## Record excerpts:
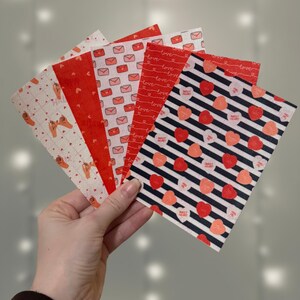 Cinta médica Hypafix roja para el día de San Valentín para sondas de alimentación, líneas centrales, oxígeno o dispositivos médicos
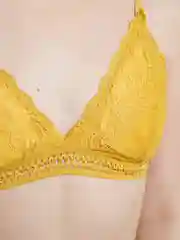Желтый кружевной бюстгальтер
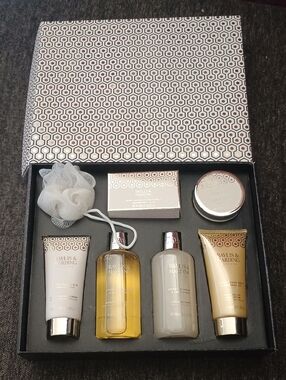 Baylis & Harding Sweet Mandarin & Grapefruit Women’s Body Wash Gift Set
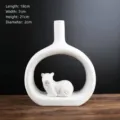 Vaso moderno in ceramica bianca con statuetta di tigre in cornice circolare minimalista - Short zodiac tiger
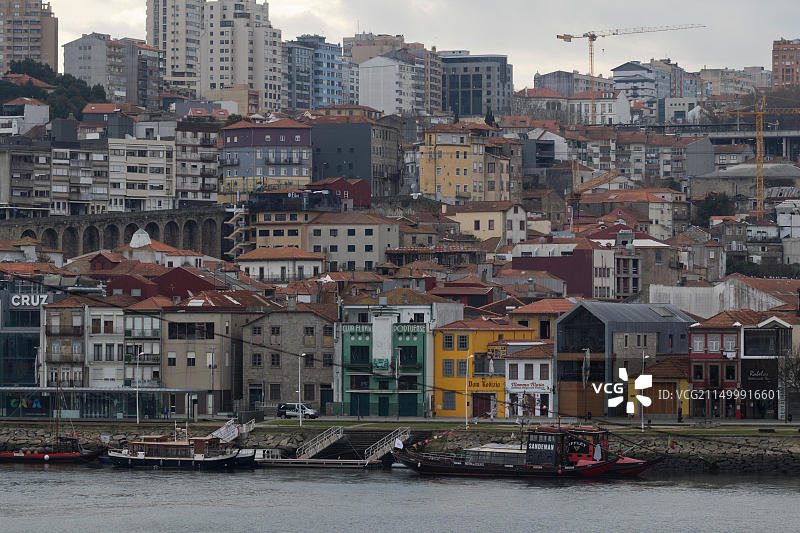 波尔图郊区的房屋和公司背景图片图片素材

## What is required:
Return only what lies between the line containing "Желтый кружевной бюстгальтер" and the last line of the listing, those two lines included, exactly as written and with no pictures.

## Exercise response:
Желтый кружевной бюстгальтер
 Baylis & Harding Sweet Mandarin & Grapefruit Women’s Body Wash Gift Set
 Vaso moderno in ceramica bianca con statuetta di tigre in cornice circolare minimalista - Short zodiac tiger
 波尔图郊区的房屋和公司背景图片图片素材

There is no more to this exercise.